Agent skill

differential-session-runner

Run or continue a differential debugging session between two implementations, traces, captures, or outputs. Record artifact identity, exact commands, first mismatch progression, findings, validation, and next probe in a durable session log.

Stars 85
Forks 13

Install this agent skill to your Project

npx add-skill https://github.com/alchemiststudiosDOTai/harness-engineering/tree/main/skills/differential-session-runner

SKILL.md

Differential Session Runner

Use this skill when debugging requires a durable evidence trail rather than ad hoc notes.

This skill is for workflows where you are comparing:

  • original vs rewrite
  • implementation A vs implementation B
  • baseline trace vs candidate trace
  • before vs after replay output
  • captured artifact vs regenerated artifact

The goal is not only to investigate.

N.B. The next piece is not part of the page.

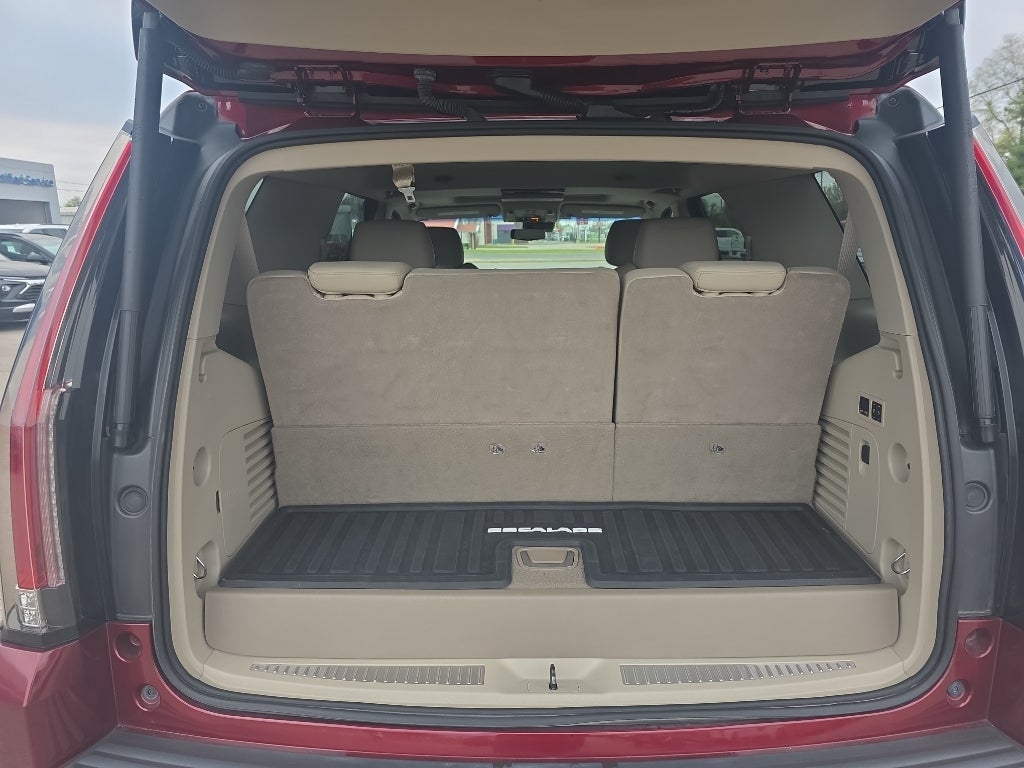 2017 Cadillac Escalade Luxury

The goal is to leave behind a session artifact another operator or agent can continue.

When to Use

Use this skill when the user asks to:

  • continue a differential debugging session
  • compare two implementations and record mismatches
  • create or update a debugging session log
  • track replay / trace / capture divergence over time
  • document what changed between mismatched and cleared runs

Core Principle

Every differential investigation should produce a reusable evidence packet.

A good session artifact lets another operator answer:

  • what exact artifact was investigated?
  • how was it identified?
  • what commands were run?
  • where did the first mismatch appear?
  • what was learned?
  • what changed?
  • what validation proves the current state?
  • what should happen next?

Preferred Storage

If the repo already has a native evidence location, use it.

Examples:

  • docs/.../sessions/
  • docs/chunks/
  • analysis/.../reports/
  • existing session indexes

If the repo does not already have a native convention, write to:

  • memory-bank/evidence/YYYY-MM-DD_HH-MM-SS_<topic>-session.md
  • optional index: memory-bank/evidence/index.md

Workflow

1. Load the repo's evidence convention first

Before creating anything, search for:

  • playbooks / runbooks
  • session indexes
  • prior session files
  • report directories
  • chunk/evidence templates

Read the relevant guidance and continue the repo's existing pattern.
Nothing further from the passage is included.